Taraftar, Yandaş yada Sporsever : Sosyal , kültürel
ve ekonomik anlamda yaşanan olumlu ve olmusuz gelişmeler toplarda ve bireylerde
birçok değişimide beraberinde getirdi . Bu süreçte dünyayla beraber
değişen futbolda kendince özel kitleler yaratmaya başladı, bu da
klasik ve eski taraftardan başka yeni tür bir taraftar profilinin
oluşmasına sebep oldu diye düşünüyorum . Bu müşteri - taraftar arası grupların
gösterdikleri yaklaşım takımların genel performaslarınıda direk olarak
etkiler nitelikler gösteriyor ( Değer yargıları , geçmiş , gelecek
vb gibi unsurlar es geçilip anlık ve günlük başarılar için
herşey mübah görülebiliyor ) . Kritik bir konu , uzmanlarca araştırılıp
, sonuçları spor otoritelerince irdelenip , negatif unsurları ortadan
kaldırmak için üzerlerine politikalar üretilmesi gerekebilir.
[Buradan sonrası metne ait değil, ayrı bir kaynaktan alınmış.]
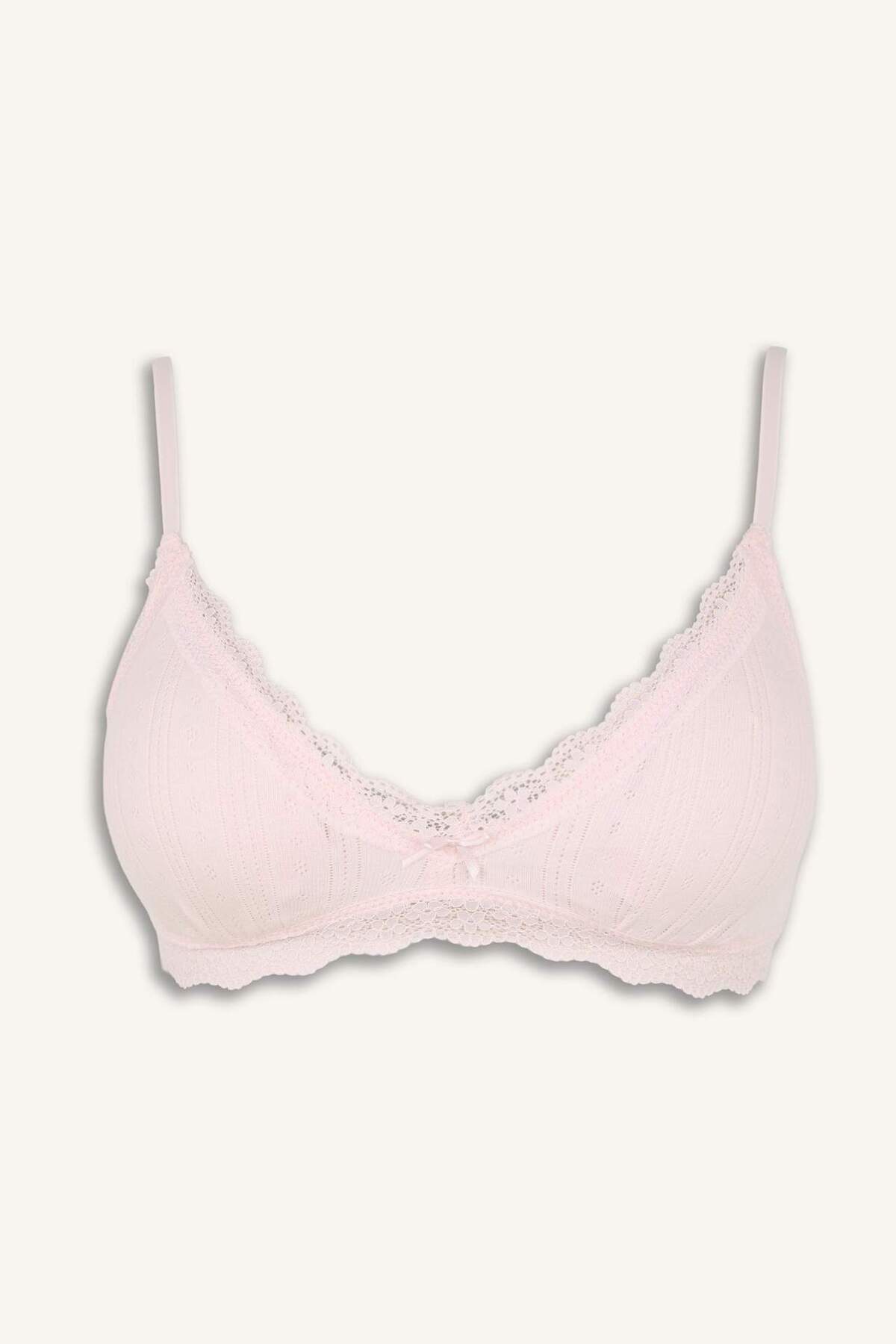 DeFacto Dantel Detaylı Çıkarılabilir Kap Çıkarılabilir Pedli Balensiz Açık Pembe Bralet G7762AX26SP görsel 6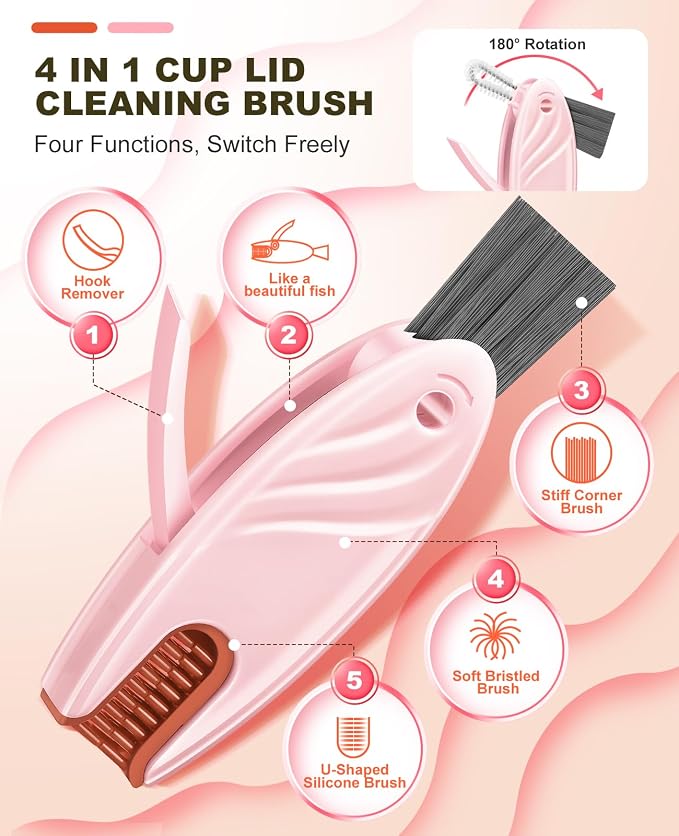 4 in 1 Cup Lid Gap Cleaning Brush Set 2 Pcs - Image 2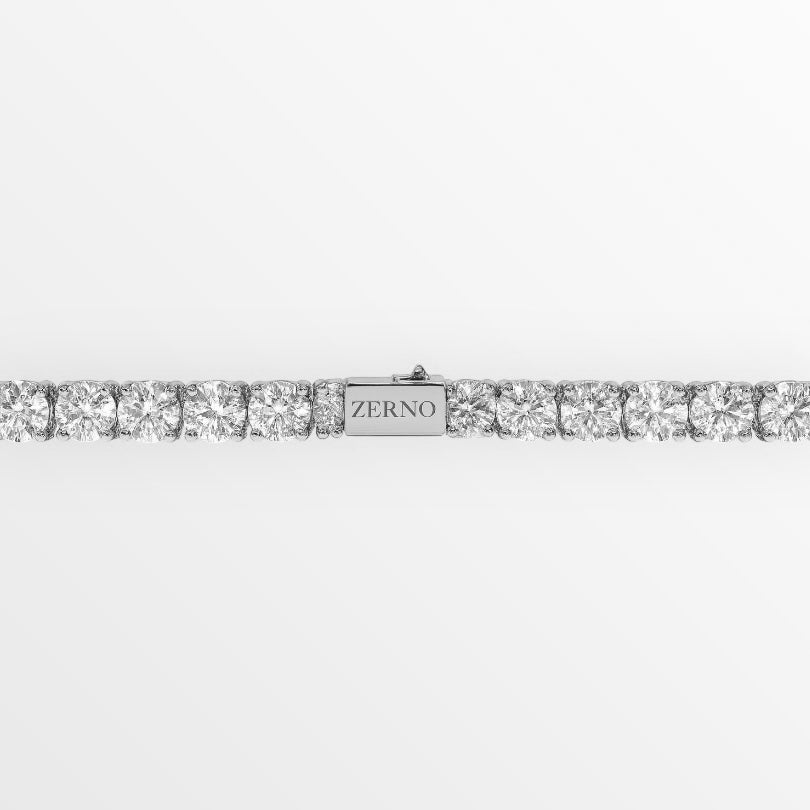 Round Cut Tennis Chain Bracelet in White Gold - 5mm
Artık müşteriye
dönüşmüş ve tükerim ama hemen tüketim ile şartlanmış taraftar sabırsız
ve daima başarıyı beklerken aksi sürprizlerdede beklenmedik derecede tehlikeli
davranışlar gösterebiliyor. Bu süreç özellikle bizim gibi , sosyal toplumsal
ve ekonomik sıkıntılarla boğuşan ve sporun kültürel altyapısını tam olarak
kavrayamamış kitlelerce henüz yolun başında olan toplumlarda tehlikeli
boyutların yaşanmasını sağlıyor . Bu bir süreç ama bu süreçte taraftarı
bukadar çabuk istedikleri yapıya büründürenlerin bu konuda onu bilinçlendirme
sorumlulularınıda kendileri dışındaki faktörlerde aramak yerine ona sahip
çıkmları ve sorumluluklarını açık ve net olarak ifade edip ona göre strateji
ve davranış ve eylemler üretmeleri gerekmektedir.
Dolayısıyla devre araları bu tür konuların değerlenndirleceği ( başta
basın ve medaya olmak üzeri federesayonlar , kulüp birlikleri ve futbolcu
birlikleri için) bir fırsat dönemi olarak algılanıp birtakım çalışmalar
yapılabilir .
Gelişimiş , evrimleşmiş çağdaş bir futbol ve spor ülkesi olmuş Türkiye
dileğiyle , tüm sporsever dostların yeni yılını kutlarım.